Shivam Rajput

Data Engineer

LinkedIn | GitHub

About

Highly analytical Data Engineer with a Bachelor of Technology from IIT (BHU) Varanasi, specializing in building and optimizing scalable data pipelines and distributed data lake architectures. Proven ability to leverage AWS services, Apache technologies, and advanced programming to achieve significant efficiency gains, including a 30% reduction in data migration time. Recognized for strong problem-solving skills, evidenced by a top 0.5% rank in JEE Advanced and a 2nd place win in the Gen AI Hackathon for an AI-powered staffing recommendation system.

Work Experience

Data Engineer

Accordion

Jun 2024 - May 2025

Bengaluru, Karnataka, IN

Engineered and maintained robust ETL pipelines utilizing AWS services to ensure seamless data ingestion, transformation, and loading processes.

  • Developed a Python script leveraging boto3 and concurrent.futures to optimize data migration between Amazon S3 buckets, achieving a 30% reduction in transfer time.
  • Created and optimized stored procedures in Amazon Redshift for complex data operations, significantly enhancing performance and scalability.
  • Maintained robust ETL pipelines using AWS Glue, Amazon Redshift, and Amazon S3, ensuring seamless data ingestion, transformation, and loading processes.

Data Engineer

Physics Wallah

May 2025 - Jul 2024

Bengaluru, Karnataka, IN

Currently leads the development and optimization of robust data pipelines and data lake architecture for scalable and performant analytics.

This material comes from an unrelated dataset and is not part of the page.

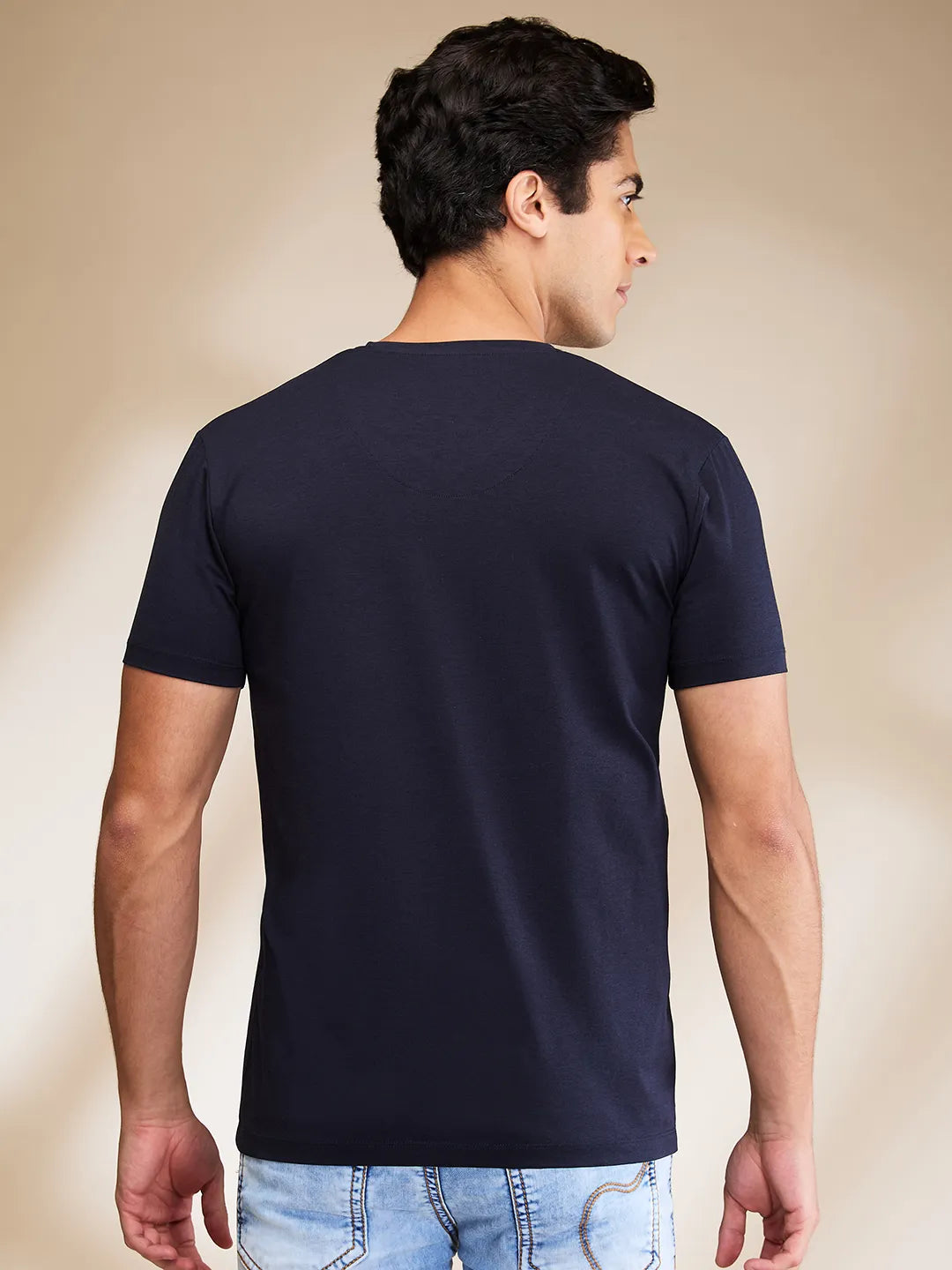 Navy Slim Fit V Neck Men's T-Shirt by Being Human Clothing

  • Built and scheduled data pipelines using Apache Airflow to ingest data from Google Sheets, REST APIs, and MongoDB into Trino tables, ensuring reliable data availability.
  • Implemented Debezium and Kafka for real-time change data capture from MongoDB collections, centralizing data into the core platform.
  • Contributed to an in-house data architecture leveraging Apache Iceberg, Amazon S3, and Trino, optimizing query performance for scalable and performant analytics.
  • Supported data transformation workflows using Apache Spark for efficient batch processing within a distributed data lake environment.

Education

Technology

Indian Institute of Technology (BHU), Varanasi

Nov 2020 - May 2024

Varanasi, Uttar Pradesh, IN

Projects

Staffing Assistant (Gen AI Hackathon Project)

Nov 2024 - Nov 2024

Developed an AI-powered staffing recommendation system leveraging NLP and embedding-based similarity search, securing 2nd place in the Gen AI Hackathon.

Product Management System

Aug 2024 - Sep 2024

Developed a microservices-based system for product management and user interactions, focusing on efficient, decoupled services.

Awards

2nd Rank, Accordion Gen AI Hackathon 2024

Accordion

Nov 2024

Awarded for developing an innovative AI-powered staffing recommendation system that leveraged NLP and embedding-based similarity search.

Codeforces Expert (Max rating 1727, Global Rank 675)

Codeforces

Mar 2024

Achieved Codeforces Expert status with a max rating of 1727 and a Global Rank of 675 in Codeforces Round 927, solving over 350+ Data Structures & Algorithms problems, showcasing advanced problem-solving and algorithmic skills.

Top 0.5% Rank, JEE ADVANCED 2020

JEE ADVANCED

Jan 2020

Achieved a top 0.5% ranking among over 1 Million candidates in the highly competitive JEE ADVANCED 2020 examination, demonstrating exceptional aptitude in science and engineering.

Languages

English

Skills

Programming Languages

  • Python
  • SQL
  • C++

Big Data & Data Engineering

  • Apache Airflow
  • Apache Spark
  • Kafka
  • Apache Iceberg
  • Debezium
  • Trino
  • ETL
  • Data Pipelines
  • Data Lake
  • Distributed Systems
  • Data Warehousing

Cloud Platforms & Databases

  • AWS Glue
  • Amazon Redshift
  • Amazon S3
  • boto3
  • MySQL
  • FAISS

Web Frameworks & DevOps

  • Django
  • Flask
  • Streamlit
  • Docker
  • RabbitMQ

Artificial Intelligence & Machine Learning

  • NLP
  • Embedding-based Similarity Search
  • AI-powered Recommendation Systems